No one was more responsible than Roberta "Bobbie" Drapanas for saving the Buffalo Theater and midwifing its rebirth as Shea's Performing Arts Center.

When the onetime Main Street vaudeville house was threatened with demolition in the 1970s, she helped organize Friends of Buffalo Theater, which went to court to stop the property's slide toward oblivion. Drapanas later co-founded the successor Spotlight Committee, which propelled the landmark show house's continuing restoration and expansion, and served on Shea's board for many years before dying at age 80 in 2003.

"She was one of our staunchest supporters," Shea's President Anthony C. Conte said Tuesday as a portrait acknowledging Drapanas' starring role was unveiled in the Spotlight Lounge, overlooking the Grand Lobby, where VIPs are feted during Broadway shows.

"She put her all into making sure that with the little money we had, we could get things done," said Conte, who teared up during the ceremony.

An interior designer, Drapanas put her money where her heart was. She left $1 million for an endowment "to ensure the long-term future of Shea's," said Conte, a friend of Drapanas for more than 30 years.

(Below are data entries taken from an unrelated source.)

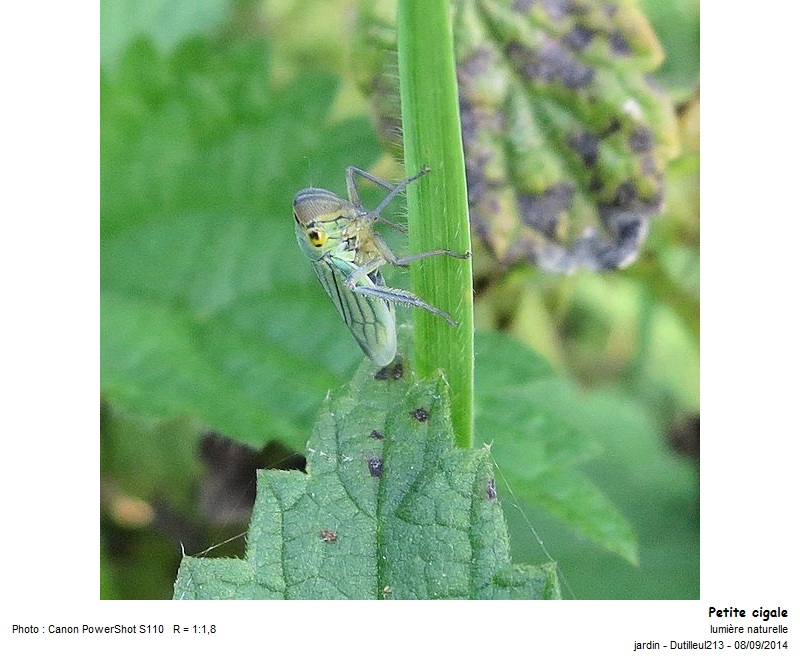 Cicadella viridis - Cicadelle verte #43451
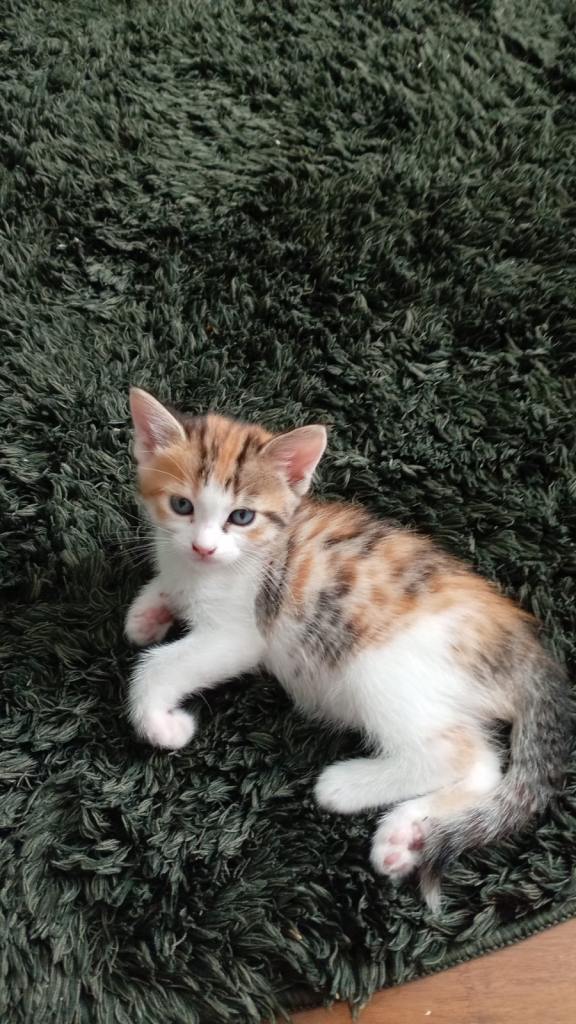 Beautiful Calico Kittens – 2 Gorgeous Female Kittens Looking for Forever Homes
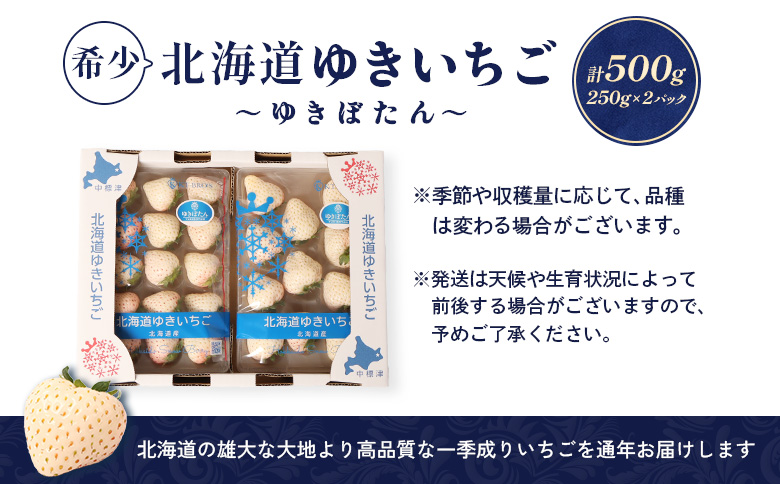 【受注後、随時発送！】【北海道産】ゆきいちご（白いちご）2Pセット 250g×2 計500g【59001】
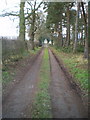 SJ7605 : The Monarch's Way, near Shifnal, looking SW by Richard Law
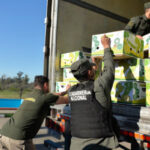 Echeverría: incautaron más de 444 kilos de cocaína escondidos entre bananas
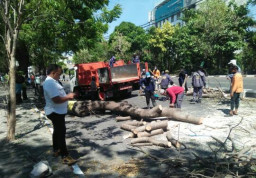 Komandan Urc Bina Marga, Pantau Langsung Proyek Underpas Wahidin Sudirohusodo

Buffalo portrait artist George Palmer rendered the petite Drapanas in a glamorous youthful pose, wearing an off-the-shoulder gown with her black hair done in a swirl.

She would have been pleased by the fuss, said her sister, Marylou Roberts of Varysburg. Shea's "was her life -- her baby," Roberts said. "She got everybody involved."

Shea's used the occasion to show off new carpeting recently installed throughout the house. The five patterns, all variations of the burgundy, blue and gold originals designed by Louis Comfort Tiffany in 1926, were replicated at a cost of about $600,000 with a $200,000 state grant and contributions from private donors.

Conte also noted the return of lush draperies in the original gold and mauve colors that adorned the theater's Petite Lobby but were removed at least 40 years ago. The replacement material was loomed in Austria.

Outside, workers were busy placing new energy-efficient LED message boards on the Main Street marquee and repainting the Pearl Street entrance for Friday's Curtain Up! gala for 500 guests on Shea's main stage.

Conte told supporters gathered for the Drapanas portrait dedication that the Broadway road-show house has sold a record 11,671 season tickets for 2009-10, with two weeks remaining in the subscription campaign.

There are theaters in cities "two or three times the size of Buffalo that don't have 11,000 season ticket holders," he said. "We'd love it to be 12,000."